Concile de la diarrhée ou menace sur la ville
Quoique — très hypothétiquement — “navrantes”, écrit l’auteur, il faudrait “graver dans le béton” les phrases et les virées de ce livre. Et qu’importe si vivre dans “l’immonde cité” baudelairienne tient d’une dégénérescence.
Pour y survivre — et avant le confinement -, Christophe Esnault y déambulait de nuit en une sorte de double vie comme le précise son texte — sorte de Nadja d’un nouveau genre — là où “Les ravages d’un désir d’absolu scient les ombres démentes d’une ville surnuméraire”.
Toutefois, l’auteur ne s’arrête pas en si bon chemin et peu à peu les textes s’échevèlent plus qu’il ne s’encastrent et ce, jusqu’au délicieux “bonus track” final où Esnault s’autoflagelle tout en disant leurs faits à ceux qu’il hait autant qu’il les aime : de l’éditeur au lecteur potentiels de ses billevesées (qui n’en sont pas).
L’iconoclaste verbal assure qu’il existe un certain plaisir non à être un écrivain raté (Esnault est le contraire) mais à être mis dans une situation peu enviable. Même si ‚écrit-il, “C’est un grand plaisir/ De ne pas être à sa place”.

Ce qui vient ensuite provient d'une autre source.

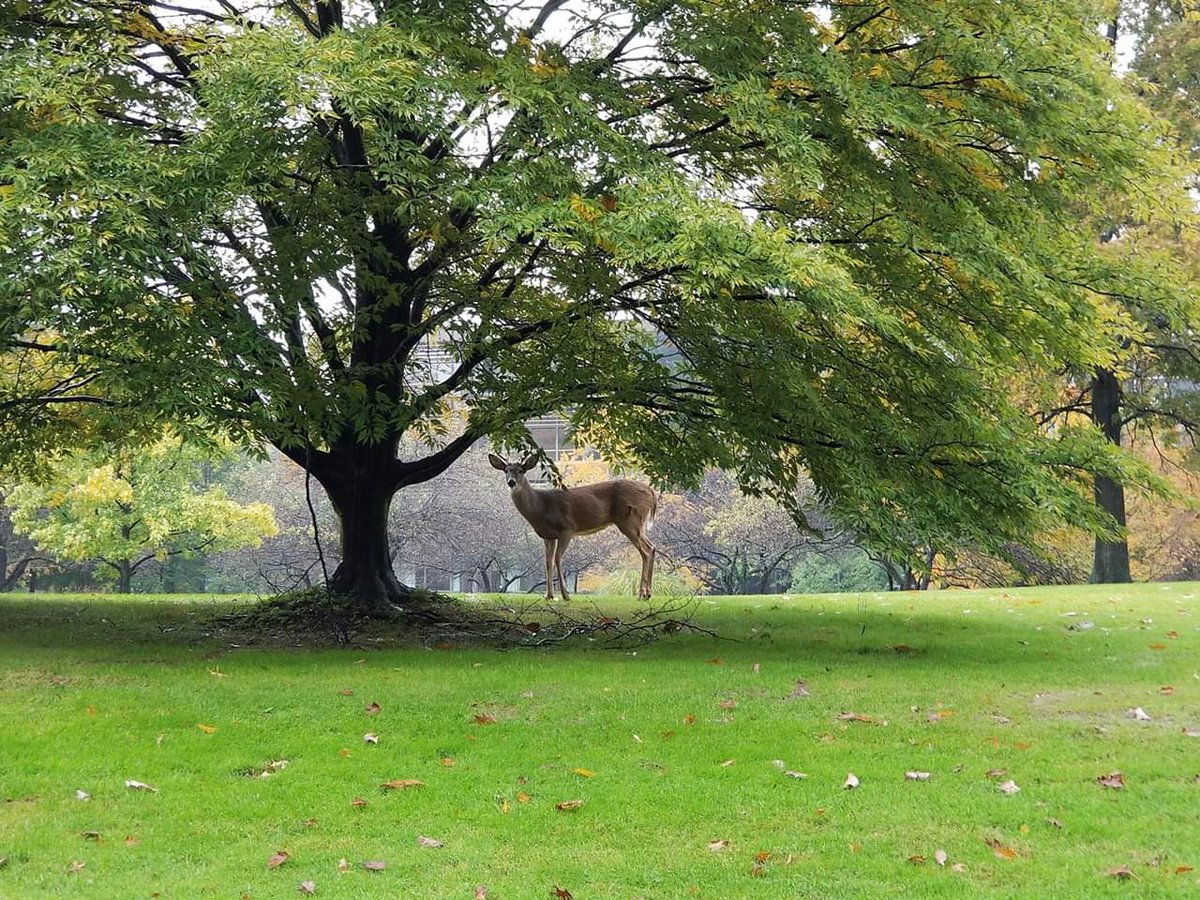 girltrunks's tweet photo. Had to capture this beauty looking regal under the tree and perfectly positioned for the photo op!  #deer #nature #fall #rainyday #thebeautyofnature #taketime #fallleaves #natuephotos https://t.co/q6l9I3fhN4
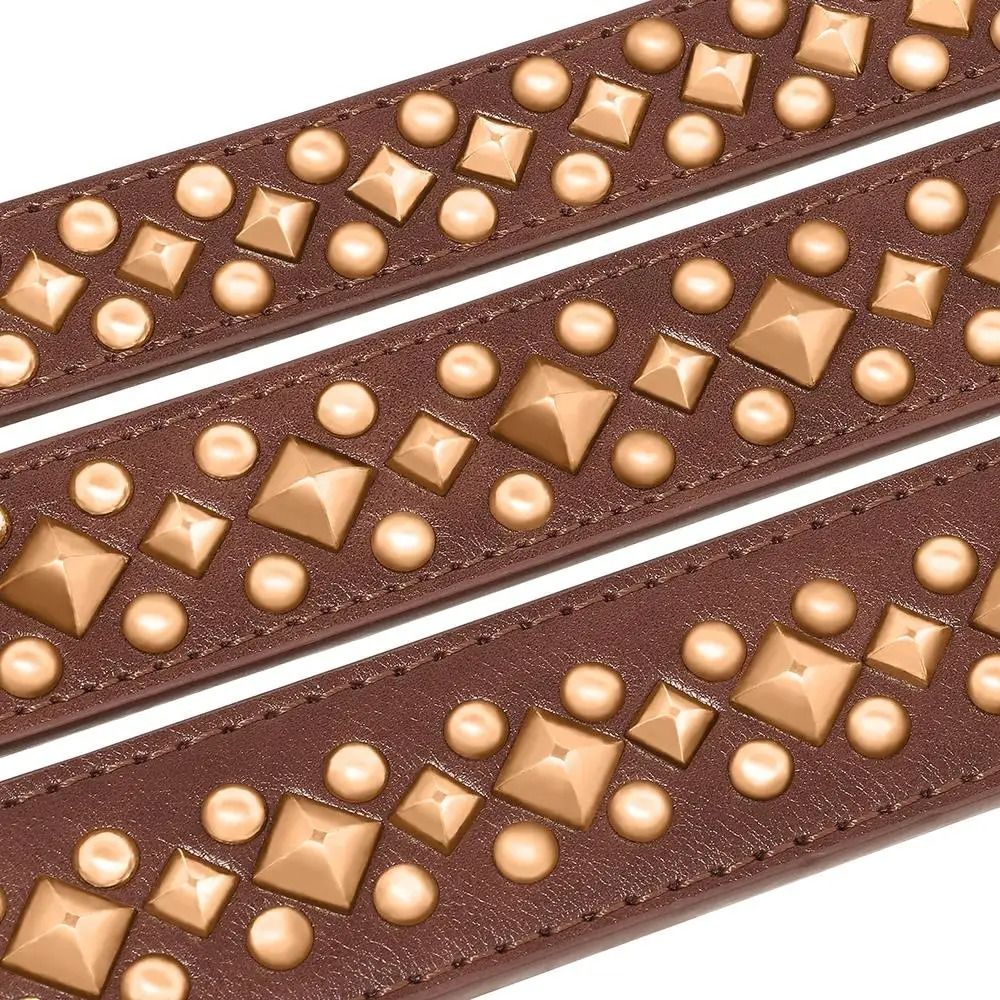 Spiked Leather Dog Collar For Strong And Stylish Dogs 6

Le tout dans un monde opaque où “Sans les salauds / Les salauds ordinaires”, personne n’aurait bonne conscience. Pas même eux.
Le livre permet de sourire. Mais pas que. Il devient l’arme presque absolue (le presque est important) de tenir face aux “déceptions consommées” lorsque nous sommes de la masse indistincte où se loge tout le monde. A chacun ses histoires et l’auteur dessine en zig-zag la sienne en faisant de son livre un cardio-boxe : son écriture permet de donner des coups de poings dans l’air mais toujours avec motricité.
Cette dérive est donc bien une histoire d’amour et de haine. Les deux sont sains lorsqu’ils n’ont rien de circonspect et qu’ils commencent par eux-mêmes. La violence peut même se pratiquer mais seulement quand “Tu seras certain de voir / Celui que tu as été ou / que tu es encore”.
Manière que les payeurs soient au besoin les miroirs conseilleurs.
Quant à l’auteur, soyons parmi les “happy (non) few” qu’il appelle pour son “Concile de la diarrhée”. Celle-ci n’a rien d’austère. Et permet d’attendre de ces baisers que l’amoureuse du “méchant homme” finit pas accepter.
Il faut qu’après l’esprit le corps éviscéré exulte. Un peu.
jean-paul gavard-perret
Christophe Esnault, Ville ou jouir et autres textes navrants, Editions Louise Bottu, Mugron, 2020, 164 p. — 14,00 € E.